In a follow up meeting in Dar es Salaam I was joined by our Project Officer, Peter Millanga and together we met with Robert and Saitoti Kitasho from PALISEP. Since the first meeting a specific terms of reference for the volunteer had been drafted and was tabled and discussed at the meeting. Since PALISEP is a supporting organization to the Forest Trust, they will now sit with the Trust members and review the details of the proposed work and its implications for the community and the Trust itself. It is expected that the assignment will be undertaken in March / April, 2015. Robert also outlined at this meeting PALISEP’s intention to host a planning meeting in mid November in Arusha that would consider future program initiatives and funding support for PALISEP. They are keen to have partners attend the workshop and so Peter plans to attend on behalf of the Kesho Trust.
In both meetings the status of the I-CAN project was discussed. As a research program including a study area of the Enguserosambu village area and based directly on our partnership with PALISEP, this program will be instrumental in providing support for the work of PALISEP and the Forest Trust. The project is just mobilizing now and the directions and local implications will become clearer over the next few months.

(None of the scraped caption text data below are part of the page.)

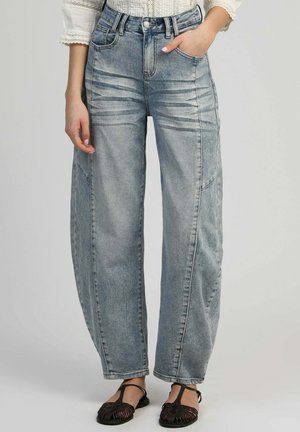 Femme portant un jean large bleu clair avec des détails délavés, une main dans la poche, associé à des sandales tissées noires et un haut blanc à manches en dentelle.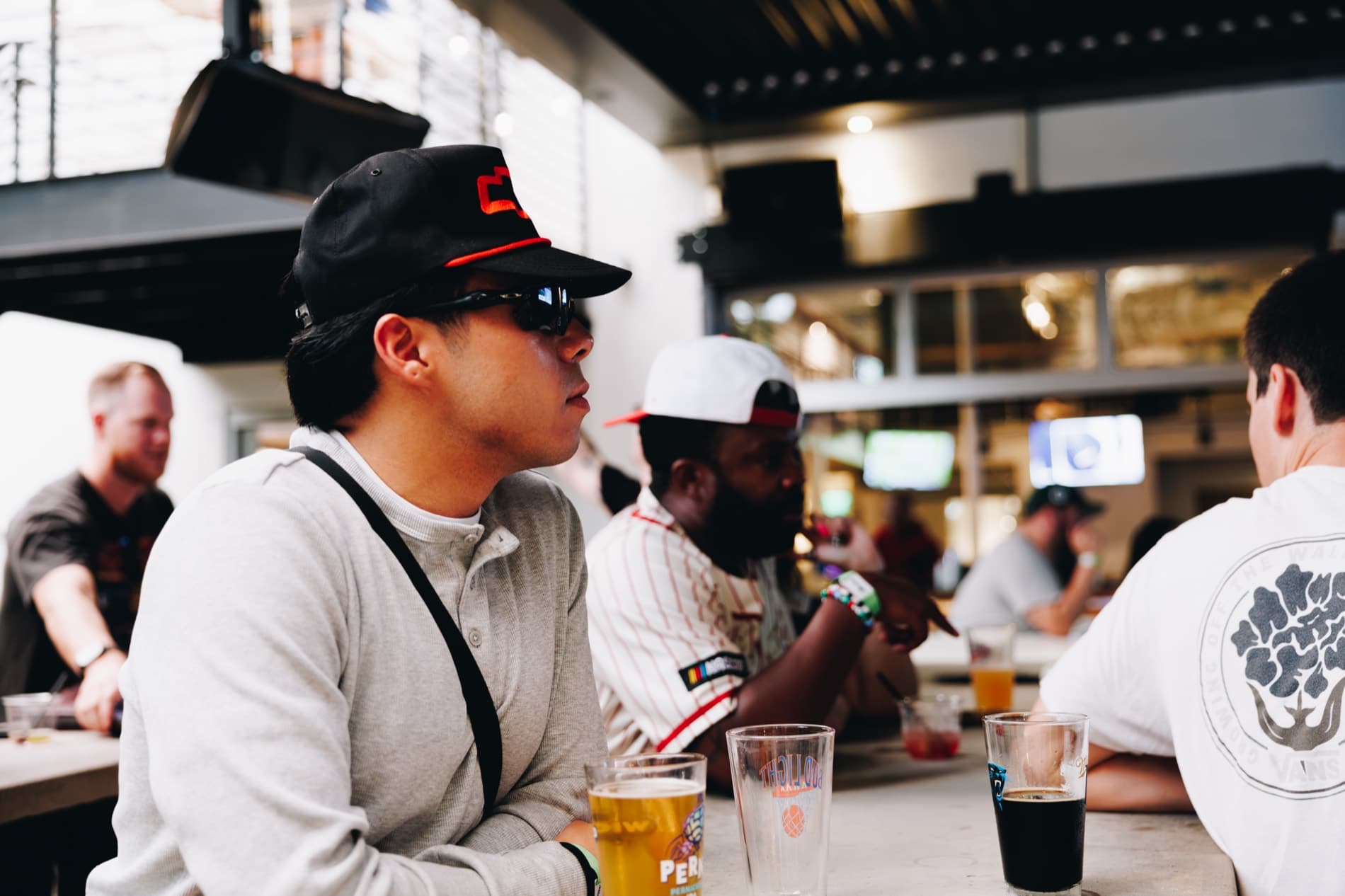 A man in a black cap and sunglasses sits at a bar with other patrons and drinks on the counter.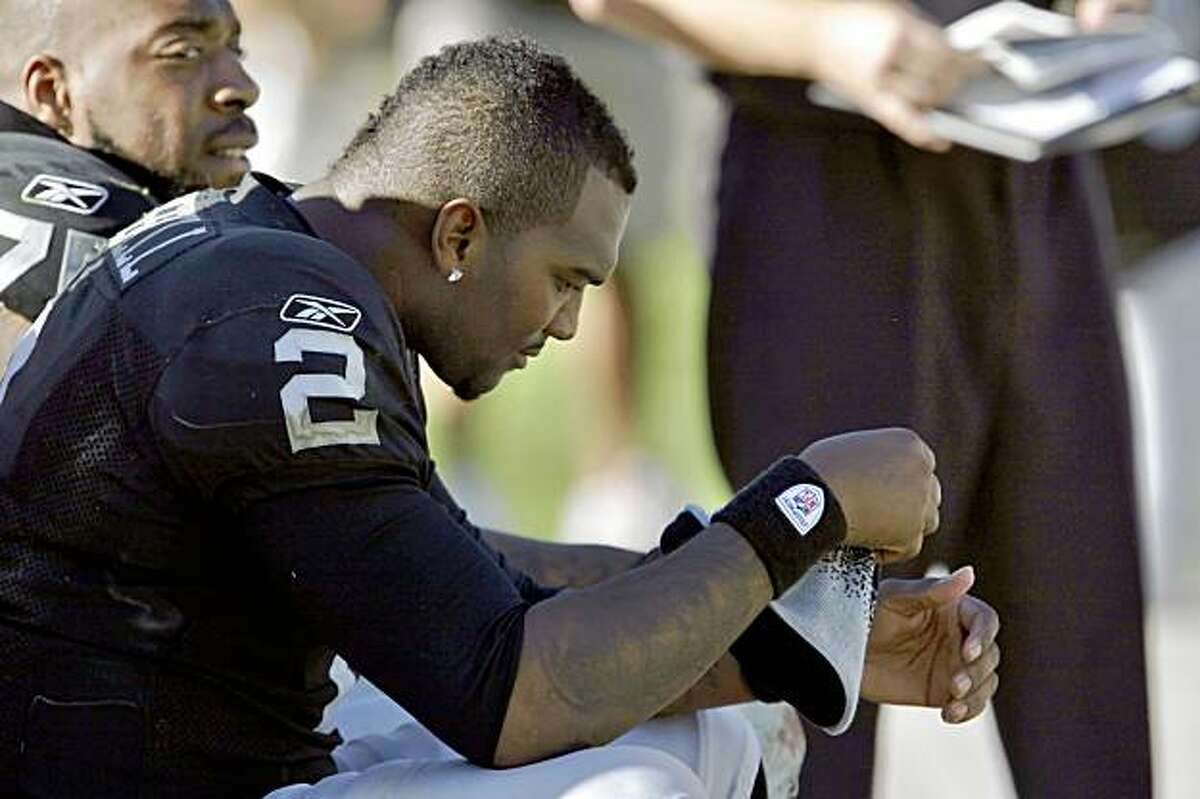 JaMarcus Russell sits on the bench after being taken out of the game in the second quarter.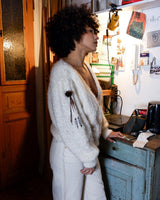 Get ready to cozy up with this vintage 80s boho-style cardigan (thin fabric)! Crafted from a mohair mix, this playful cardigan features real fur balls for a unique twist.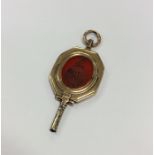 A Georgian gold watch key inset with cornelian and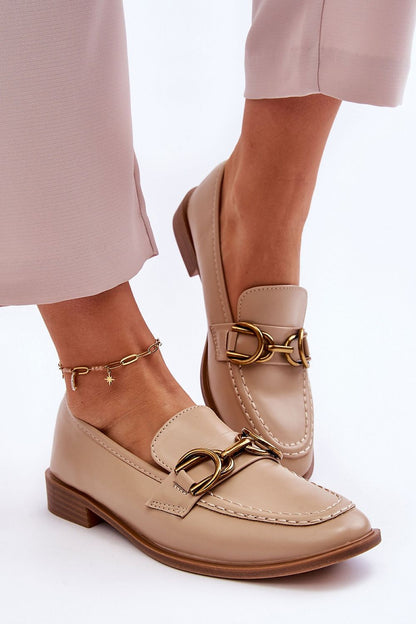 Chic women's slip-on moccasins from Step in Style made of eco-friendly leather with a decorative strap for a sophisticated look.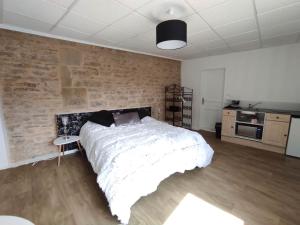a bedroom with a large bed and a brick wall at Appartement Jarnioux - Les Meublés des Pierres Dorées in Theizé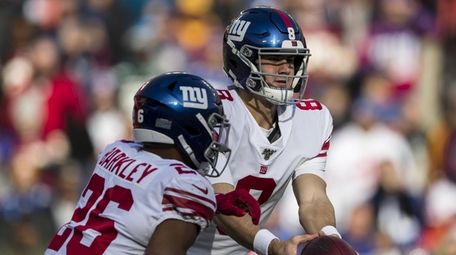 Daniel Jones #8 of the Giants hands the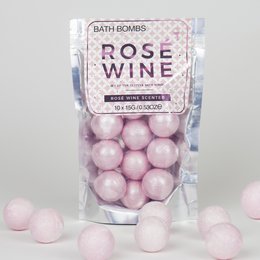 Rose-scented bath bombs in a pink color, packaged in a clear plastic bag.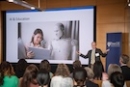 Dr. Lester gives a lecture in front of a packed crowd in front of a screen with an image of  a woman and a robot sharing a laptop and the words "AI in Education" written above it. 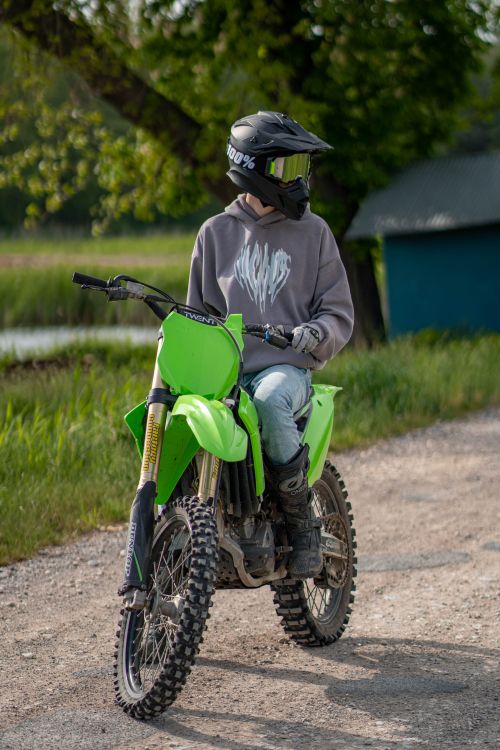 Teen Beat Rider Young Rider on Green Off-Road Motorbike · Free Stock Photo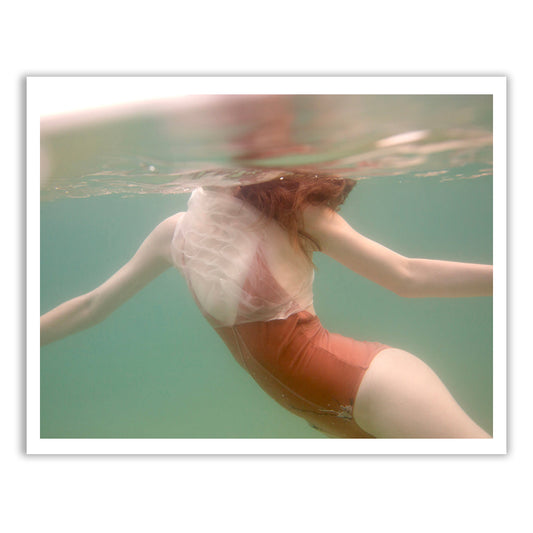 A person swims underwater in a reddish-orange swimsuit, with a translucent white fabric draped over their shoulder. The clear water and the soft, ethereal quality of the image are reminiscent of Francesca Owen's "Softness #1 B&W (Copy).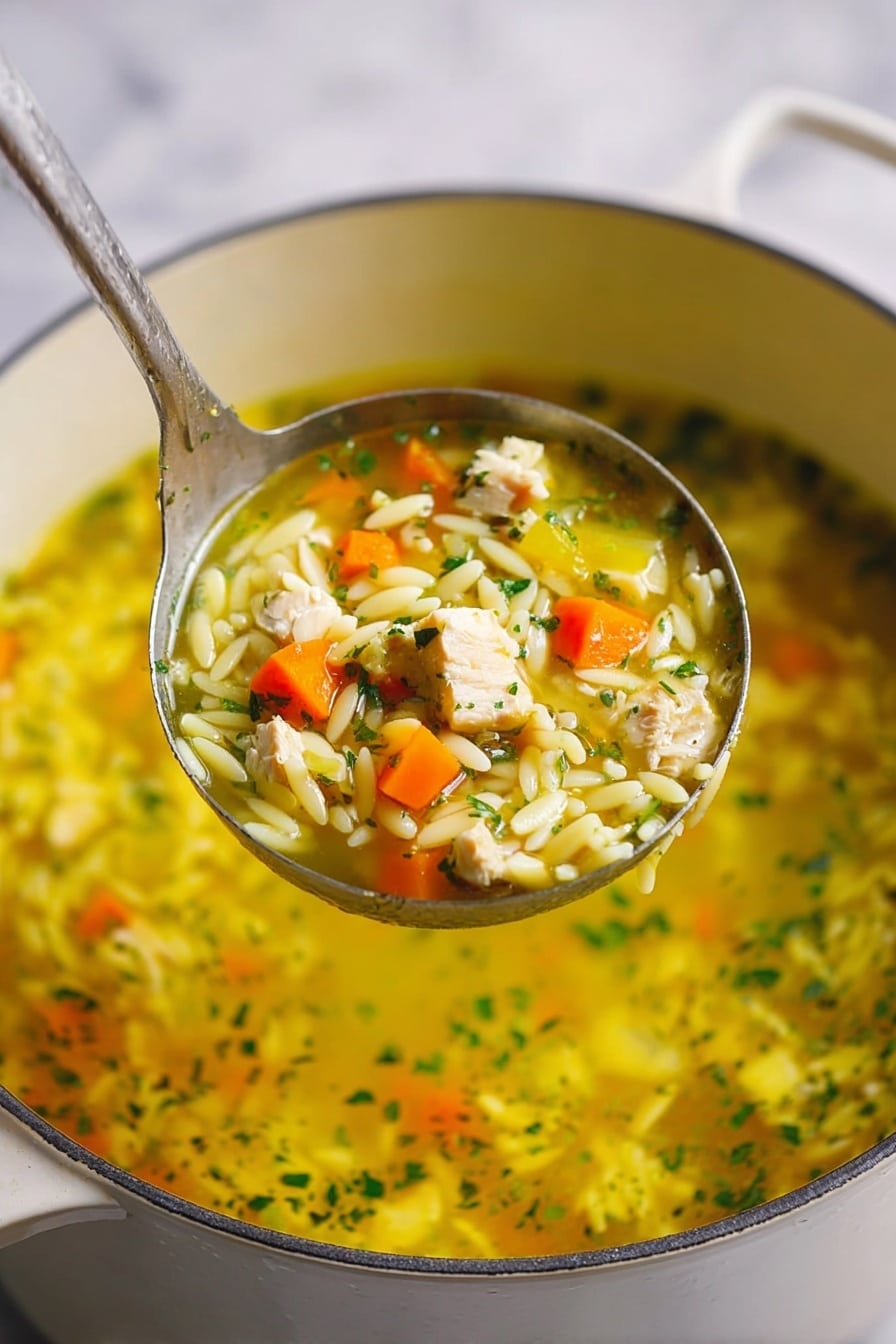 A white bowl filled with yellow broth soup sits on a white plate with small pieces of light yellow pasta pearls, orange carrot cubes, green herbs, and light beige chicken pieces. The soup looks thick with visible fresh chopped green parsley sprinkled on top and around the plate. There are square light brown crackers placed on the right side of the plate. The bowl and plate rest on a white marbled surface with a red cloth blurred in the background. photo taken with an iphone --ar 2:3 --v 7 - Lemongrass Chicken Pasta Soup, Asian-inspired chicken noodle soup, healthy lemongrass soup recipe, comforting chicken and pasta soup, vibrant lemongrass chicken dish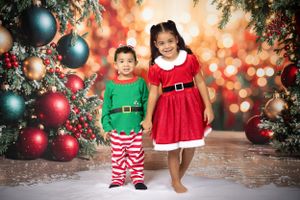 Children wearing festive Christmas outfits pose by decorated tree with ornaments and bokeh lights.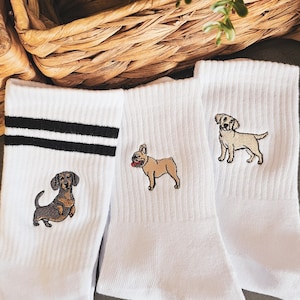 May include: Three pairs of white crew socks with embroidered dog breeds. One pair features a dachshund, another a French bulldog, and the last a Labrador retriever.
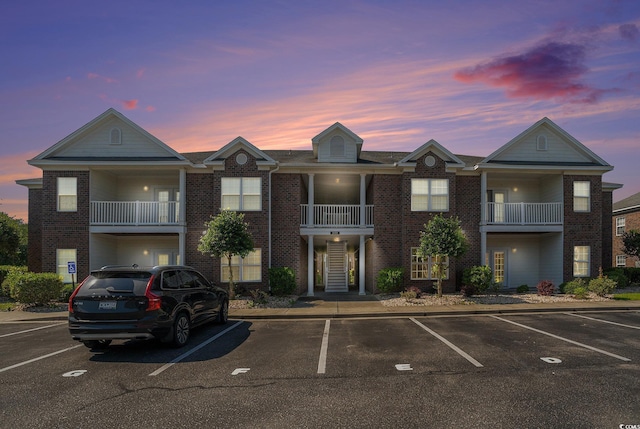 2029 Silvercrest Dr Unit 22B, Myrtle Beach, SC 29579 - view of front of home featuring brick siding, uncovered parking, and a balcony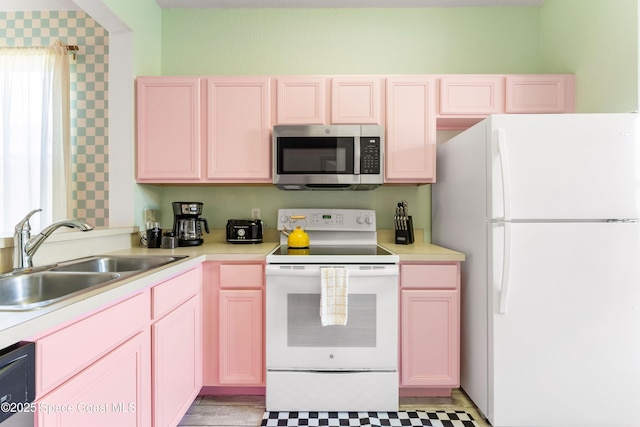 kitchen with white appliances and sink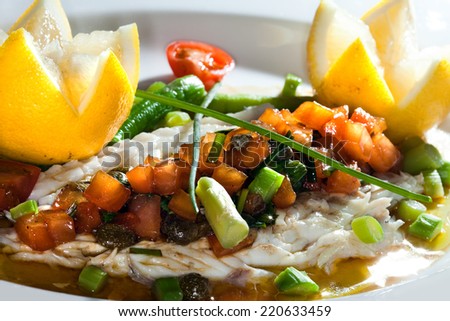 macro fish dish is exquisitely decorated on a white plate with lemon and vegetables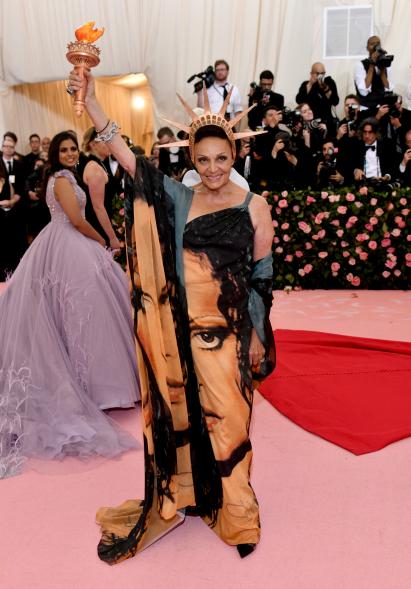 Diane von Furstenberg at Costume Institute benefit gala in blue/green dress with gold bangle and earrings. Wearing metallic statue on head.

Another item discussed was an opportunity to present the land rights issues and success stories from Enguserosambu village. I will be attending the WPC and have been invited to participate in a discussion panel focused on pastoralist issues relating to land rights, climate change and other pressing concerns. With the support of PALISEP I will be able to take the experience of PALISEP and present it at the WPC creating more awareness of both the achievements and the ongoing struggles for control over the land and culture by the Maasai of Enguserosambu.
The meetings were productive and certainly advanced the proposed collaboration. There will certainly be more news coming from this partnership in the near future.